The inquiry members rejected the petition and said that the mission investigated whether Israel, Hamas or the Palestinian Authority had unnecessarily caused death or injury to innocent civilians by specific acts of armed conflict that violated international humanitarian law and international human rights law stating "On those issues the letter co-signed by Professor Chinkin expressed no view at all." The members further wrote in their reply that the fact-finding mission cannot be considered a judicial or even a quasi-judicial proceeding. Hillel Neuer, director of UN Watch, said that the arguments raised by the mission ignored the well-established set of standards to international fact-finding missions. Goldstone said that the letter signed by Chinkin could have been the grounds for disqualification, had the mission been a judicial inquiry.

====Israel and antisemitism====

UN Watch is active at the UN in combating what it considers anti-Israel and anti-Semitic attitudes, and what it dubs the selective and politicized treatment of Israel by many UN bodies. The group supported former Secretary General Kofi Annan's declared goal of ending the UN's imbalanced treatment of Israel and has been highly critical of the United Nations Human Rights Council. The Jewish Telegraphic Agency has described U.N. Watch as a pro-Israel organization.

=====March 2007 UNHRC speech=====
On 23 March 2007, UN Watch's Hillel Neuer delivered a harshly critical speech to the United Nations Human Rights Council (UNHRC), stating that the Council had betrayed the dreams of its founders and become "a nightmare". Neuer charged that the Council ignores human rights abuses worldwide, opting instead to enact "one resolution after another condemning one single state: Israel". He further argued that the Council's stated concern for Palestinian human rights is deceptive, and provided examples where he said it ignored atrocities against Palestinians "because Israel could not be blamed. … The despots who run this Council couldn't care less about Palestinians, or about any human rights. They seek to demonize Israeli democracy, to delegitimize the Jewish state, to scapegoat the Jewish people."

===Other===

====Sexual exploitation====
UN Watch, the World YWCA, and the World Alliance of YMCAs published a statement against sexual exploitation and child pornography. "Today far too many children are sexually exploited and abused causing lifelong damage. More than two million children are exploited in the multibillion-dollar sex industry each year and 1.2 million children are trafficked annually", the statement said.

==Reception==
Former UN Secretary General Kofi Annan has said "I deeply appreciate the valuable work performed by UN Watch. I believe that informed and independent evaluation of the United Nations' activities will prove a vital source as we seek to adapt the Organization to the needs of a changing world."

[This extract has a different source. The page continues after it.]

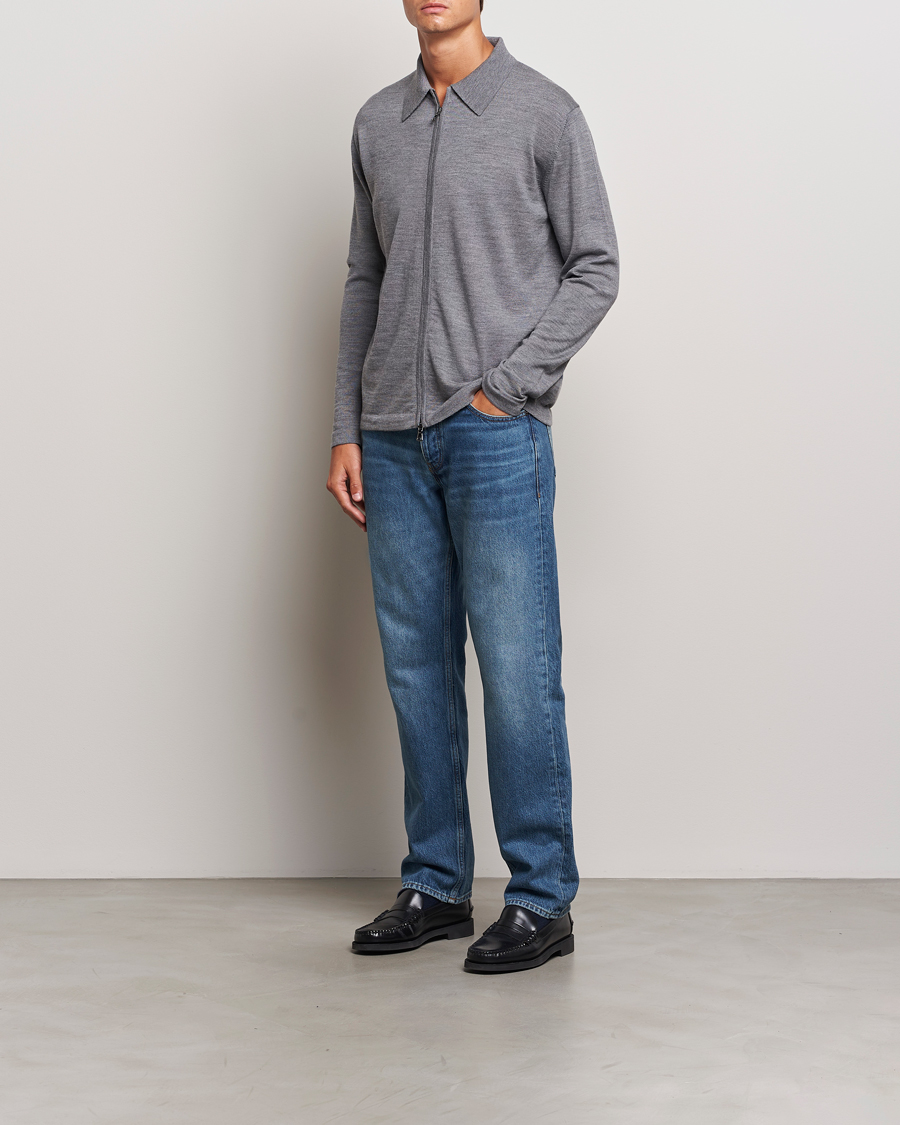 Uomini | Maglieria | J.Lindeberg | Kaleb Merino Zip Cardigan Mid Grey Melange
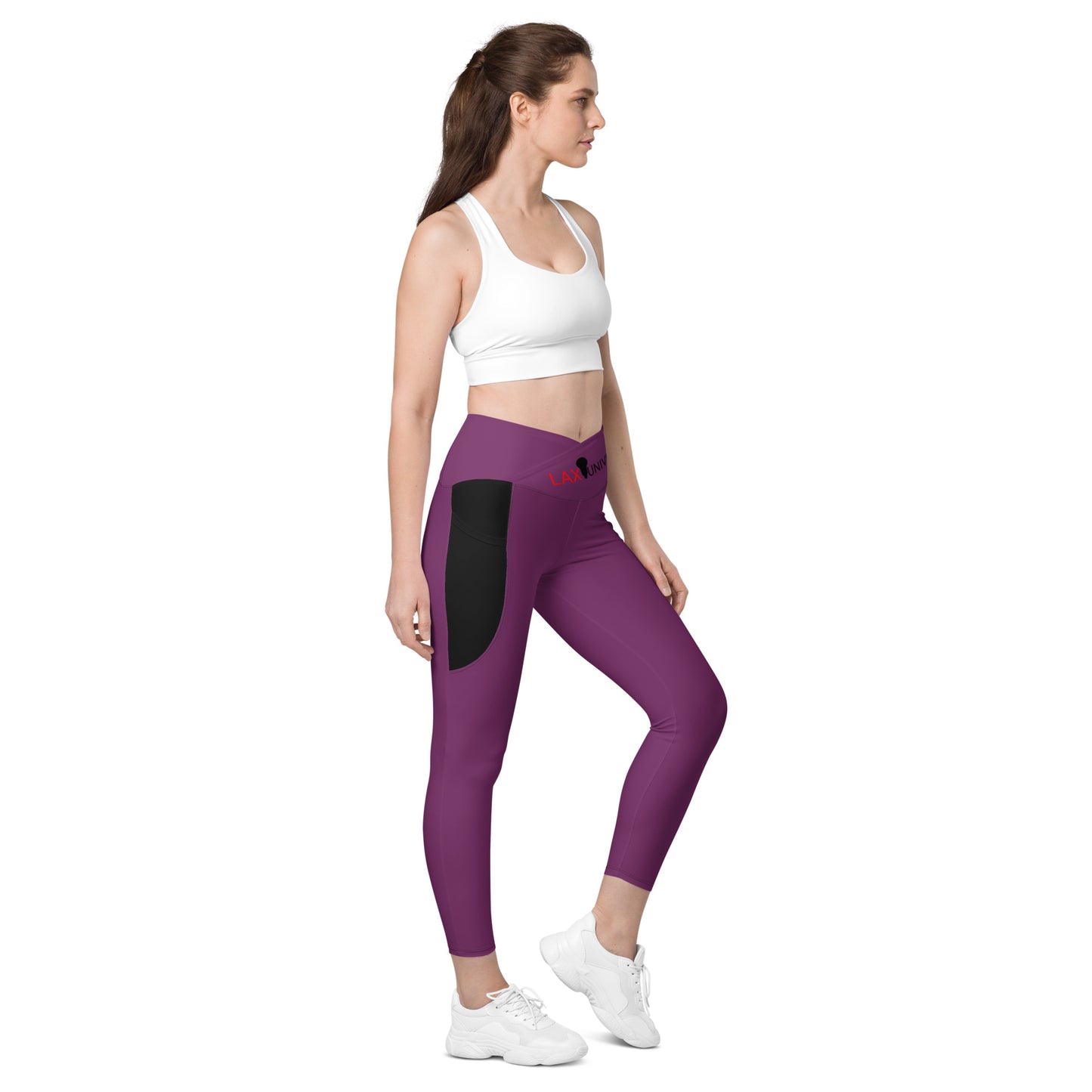 LAXUNIVERSE Palatinate Purple Crossover leggings with pockets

Ian Williams, former president of the United Nations Correspondents Association and author of The UN For Beginners, wrote in an opinion piece in The Guardian in 2007 that the main objective of UN Watch "is to attack the United Nations in general, and its human rights council in particular, for alleged bias against Israel". Williams supported UN Watch's condemnation of the UN Human Rights Council as a hypocritical organization, but also accused UN Watch itself of hypocrisy for failing to denounce what he called "manifest Israeli transgressions against the human rights of Palestinians."

Claudia Rosett, a journalist-in-residence with the conservative Foundation for Defense of Democracies, praised UN Watch as "stalwart and invaluable".

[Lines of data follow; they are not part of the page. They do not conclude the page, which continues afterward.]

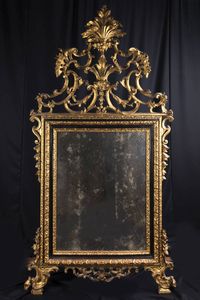 SPECCHIERA - 228x106 in legno dorato e scolpito  Piemonte  XIX secolo Difetti e mancanze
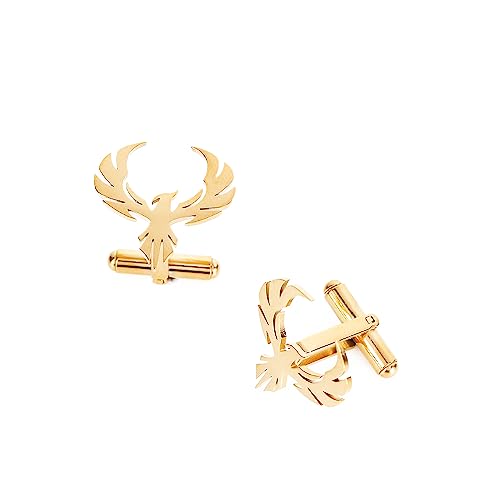 Stainless Steel Cutout Animals Phoenix Cufflinks For Mens (Steel) #TOP9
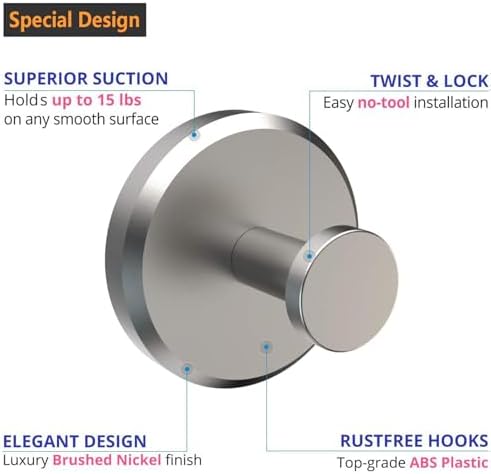 Premium Suction Cup Hooks for Bathroom Kitchen Rust-Resistant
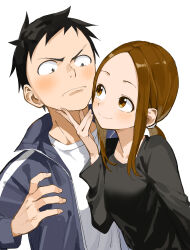 1boy 1girl absurdres black_hair black_shirt blush brown_eyes brown_hair closed_mouth commentary_request eye_contact fingernails forehead hetero highres karakai_jouzu_no_(moto)_takagi-san karakai_jouzu_no_takagi-san long_hair long_sleeves looking_at_another nishikata ponytail shirt short_hair simple_background smile takagi-san white_background white_shirt yamamoto_souichirou rating:General score:12 user:danbooru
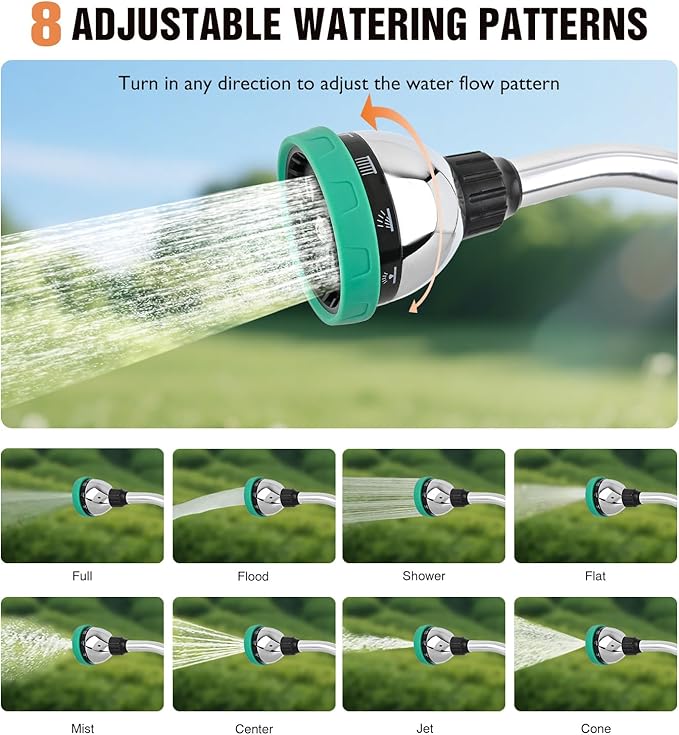 Yesker Watering Wand for Garden Hose, 19 Inch, 8 Spray Patterns, Garden Hose Nozzle with Thumb Flow Control, Ideal for Water Plant, Shrubs and Yard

The American journalist and political activist Phyllis Bennis described UN Watch as a "small Geneva-based right-wing organisation" that is "hardly known outside of UN headquarters". She stressed that "undermining and delegitimising" Richard Falk through "scurrilous accusations" has been an "obsession of UN Watch" when he became Special Rapporteur.

Agence France-Presse described UN Watch in 2009 as "a lobby group with strong ties to Israel". The Economist has described UN Watch as a "pro-Israeli monitor".